Embryonic pattern scaling achieved by oppositely directed morphogen gradients

Morphogens are proteins, often produced in a localized region, whose concentrations spatially demarcate regions of differing gene expression in developing embryos. The boundaries of gene expression are typically sharp and the genes can be viewed as abruptly switching from on to off or vice versa upon crossing the boundary. To ensure the viability of the organism these boundaries must be set at certain fractional positions within the corresponding developing field. Remarkably this can be done with high precision despite the fact that the size of the developing field itself can vary widely from embryo to embryo. How this scaling is accomplished is unknown but it is clear that a single morphogen gradient is insufficient. Here we show how a pair of morphogens A and B, produced at opposite ends of a one-dimensional developing field, can solve the pattern-scaling problem.

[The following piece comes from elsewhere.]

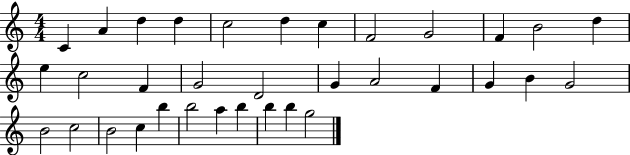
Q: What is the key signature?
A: C major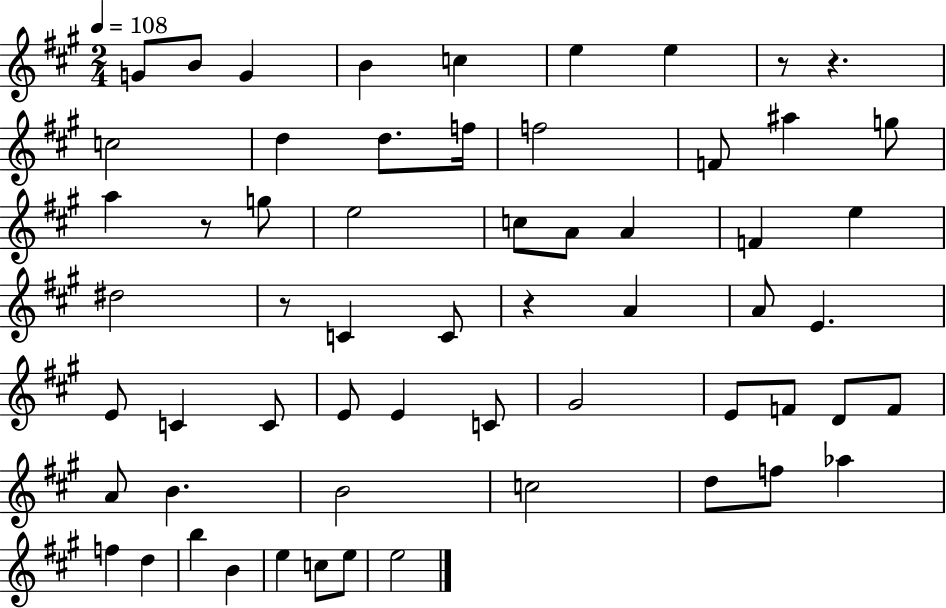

In the most promising scenario the morphogens interact via an effective annihilation reaction A + B --> slashed circle and the switch occurs according to the absolute concentration of A or B. We define a scaling criterion and show that morphogens coupled in this way can set embryonic markers across the entire developing field in proportion to the field size. This scaling occurs at developing-field sizes of a few times the morphogen decay length. The scaling criterion is not met if instead the gradients couple combinatorially such that downstream genes are regulated by the ratio A/B of the morphogen concentrations.